Tappa Tappa Keg’s DM team tried to make some fundraising progress this week as well. Junior Brad Watkins’s inner-frat star came out when he played his guitar at the Rock on Thursday night. Braving negative temperatures and a nonexistent audience, Watkins belted out classics such as “Wagon Wheel” and “Sweet Caroline”, even throwing in the occasional acoustic take on nineties pop. He was promptly removed by Evanston Police and given a $400 fine for soliciting. Watkins is now planning a ukulele performance at Kafein, featuring the sounds of Jack Johnson and “…that Train song.”

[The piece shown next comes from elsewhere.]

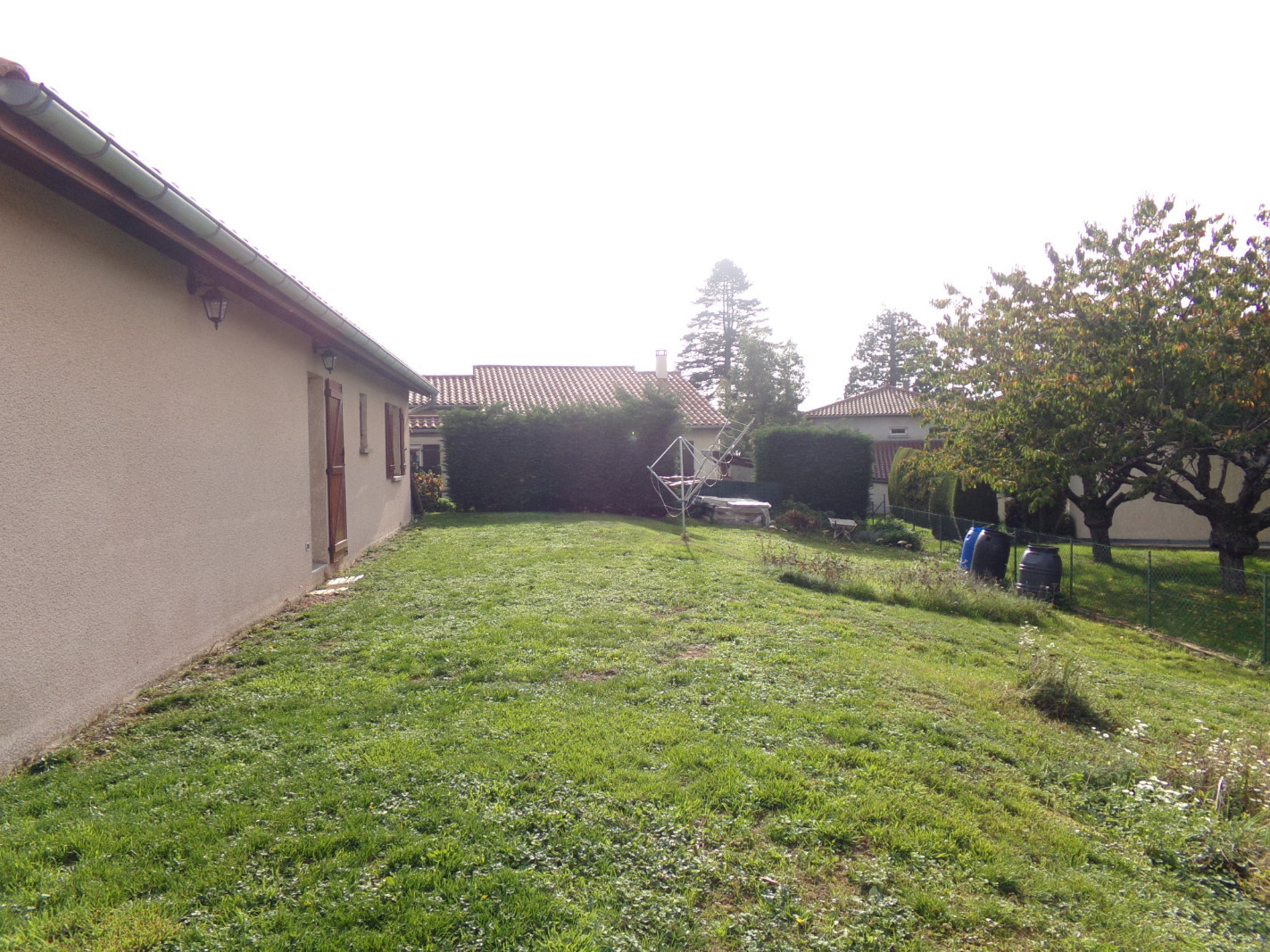 
                                                Vente
                                                 Villa 5 pièces 106 m² Plain-pied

Sophomore Derrick Synder decided to host a Tweet-a-Thon to benefit Allison’s DM team, but got entangled in a lawsuit after attempting to seduce Heisman Trophy winner Johnny Manziel through a fictitious account. “It was going really, really, well; some people are just easily offended by made-up car crashes,” the avid social media user said. Synder also garnered attention from irate Alabama fans for direct-messaging A.J. McCarron’s girlfriend, @_KatherineWebb, pictures of his seductive dance moves.
“Even though the fundraiser didn’t go the way I planned,” Synder wrote in a press release provided by his lawyer, “Dance Marathon is still an important cause. There still aren’t enough people who know about FACE AIDS.”